Christabel is a four-part British drama series first shown on BBC2 between 16 November and 7 December 1988.

It is based on the memoirs of Christabel Bielenberg, an English woman married to a German lawyer during World War II. Her book, The Past is Myself depicted life in Germany during 1932 - 1945. The screenplay was written by Dennis Potter, and was directed by Adrian Shergold. Each episode runs around 65 minutes. It stars Elizabeth Hurley in one of her earliest leading roles.
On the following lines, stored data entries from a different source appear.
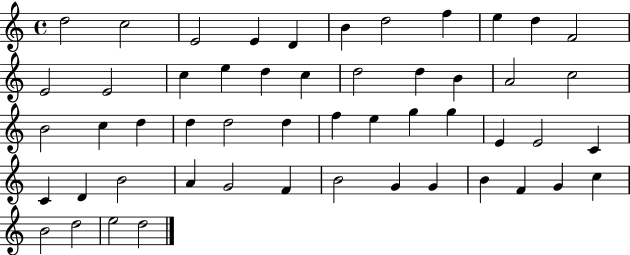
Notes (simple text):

D5/h C5/h E4/h E4/q D4/q B4/q D5/h F5/q E5/q D5/q F4/h E4/h E4/h C5/q E5/q D5/q C5/q D5/h D5/q B4/q A4/h C5/h B4/h C5/q D5/q D5/q D5/h D5/q F5/q E5/q G5/q G5/q E4/q E4/h C4/q C4/q D4/q B4/h A4/q G4/h F4/q B4/h G4/q G4/q B4/q F4/q G4/q C5/q B4/h D5/h E5/h D5/h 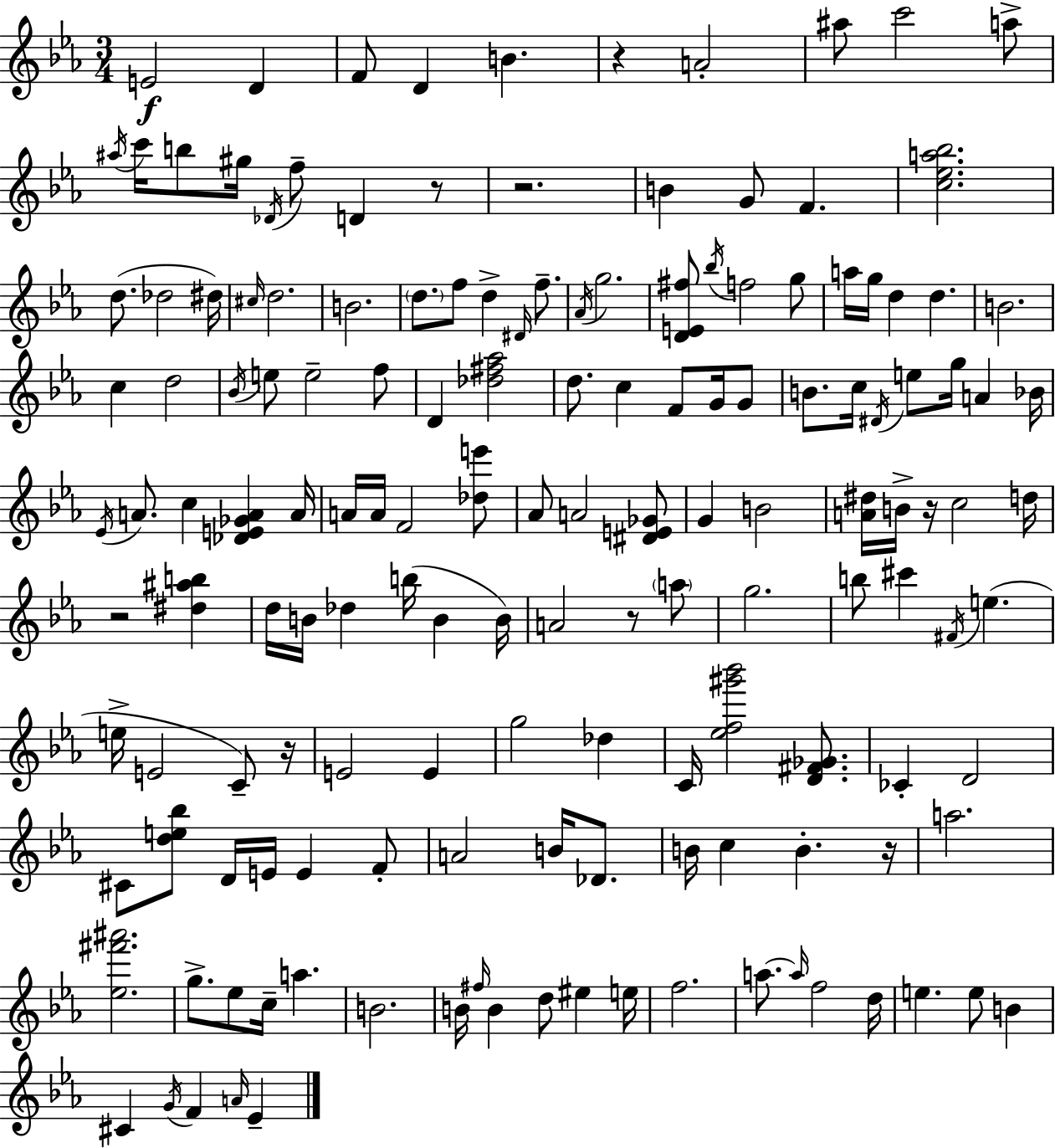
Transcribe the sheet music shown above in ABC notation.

X:1
T:Untitled
M:3/4
L:1/4
K:Eb
E2 D F/2 D B z A2 ^a/2 c'2 a/2 ^a/4 c'/4 b/2 ^g/4 _D/4 f/2 D z/2 z2 B G/2 F [c_ea_b]2 d/2 _d2 ^d/4 ^c/4 d2 B2 d/2 f/2 d ^D/4 f/2 _A/4 g2 [DE^f]/2 _b/4 f2 g/2 a/4 g/4 d d B2 c d2 _B/4 e/2 e2 f/2 D [_d^f_a]2 d/2 c F/2 G/4 G/2 B/2 c/4 ^D/4 e/2 g/4 A _B/4 _E/4 A/2 c [_DE_GA] A/4 A/4 A/4 F2 [_de']/2 _A/2 A2 [^DE_G]/2 G B2 [A^d]/4 B/4 z/4 c2 d/4 z2 [^d^ab] d/4 B/4 _d b/4 B B/4 A2 z/2 a/2 g2 b/2 ^c' ^F/4 e e/4 E2 C/2 z/4 E2 E g2 _d C/4 [_ef^g'_b']2 [D^F_G]/2 _C D2 ^C/2 [de_b]/2 D/4 E/4 E F/2 A2 B/4 _D/2 B/4 c B z/4 a2 [_e^f'^a']2 g/2 _e/2 c/4 a B2 B/4 ^f/4 B d/2 ^e e/4 f2 a/2 a/4 f2 d/4 e e/2 B ^C G/4 F A/4 _E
Part of the series was filmed at the disused Camperdown Works jute mill complex in Dundee, which doubled for 1940s Berlin. Other scenes were filmed in Hungary and Austria.

==Synopsis==
An Englishwoman's love for a German lawyer is at the heart of one of the most extraordinary stories of the Second World War. Christabel Burton's aspiration of living in harmony with her husband Peter Bielenberg is shattered when Germany slips into the full horror of the Nazi regime and war is declared. Life for Christabel and Peter becomes a fight to survive, a struggle to hold on to human decency.

In the first episode, as wedding bells peal out across the English countryside, the bride's father is begging her to change her mind. The village congregation is shocked when the bridegroom responds in German. But Christabel insists on making an "impossible decision" – a commitment to married life in a country soon to be at war with her own.

==Cast==

| Actor | Role |
|---|---|
| Elizabeth Hurley | Christabel Bielenberg |
| Stephen Dillane | Peter Bielenberg |
| Geoffrey Palmer | Mr Burton |
| Ann Bell | Mrs Burton |
| Nigel Le Vaillant | Adam von Trott zu Solz |
| Sam Kelly | Carl Langbehn |

==Home media==
A VHS of the series, running 148 minutes, was released in the US by CBS/Fox Video in 1989.

A DVD containing a shortened 2-hour version was released by Guillotine Films in 2004.